** Data for the task **

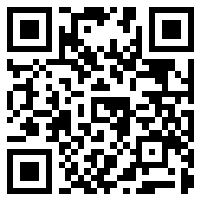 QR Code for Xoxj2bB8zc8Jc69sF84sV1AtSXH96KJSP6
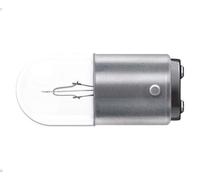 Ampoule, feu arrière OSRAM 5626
==
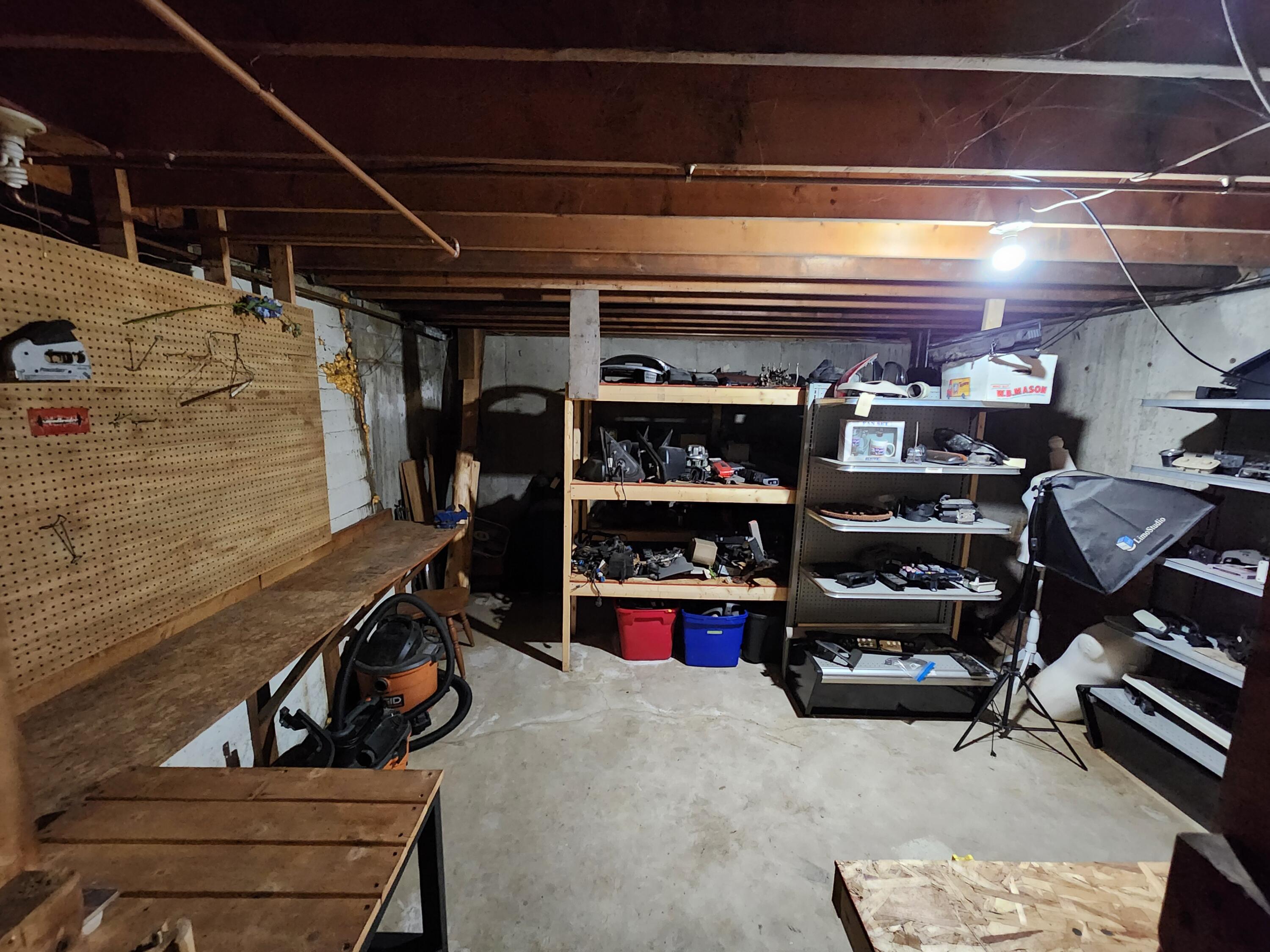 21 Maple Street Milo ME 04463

** Your assignment **
Within the listing above, find the line containing "QR Code for" and the line containing "Ampoule, feu arrière OSRAM 5626". Transcribe them and everything between them exactly, leaving out the pictures.

** Output below **
 QR Code for Xoxj2bB8zc8Jc69sF84sV1AtSXH96KJSP6
 Ampoule, feu arrière OSRAM 5626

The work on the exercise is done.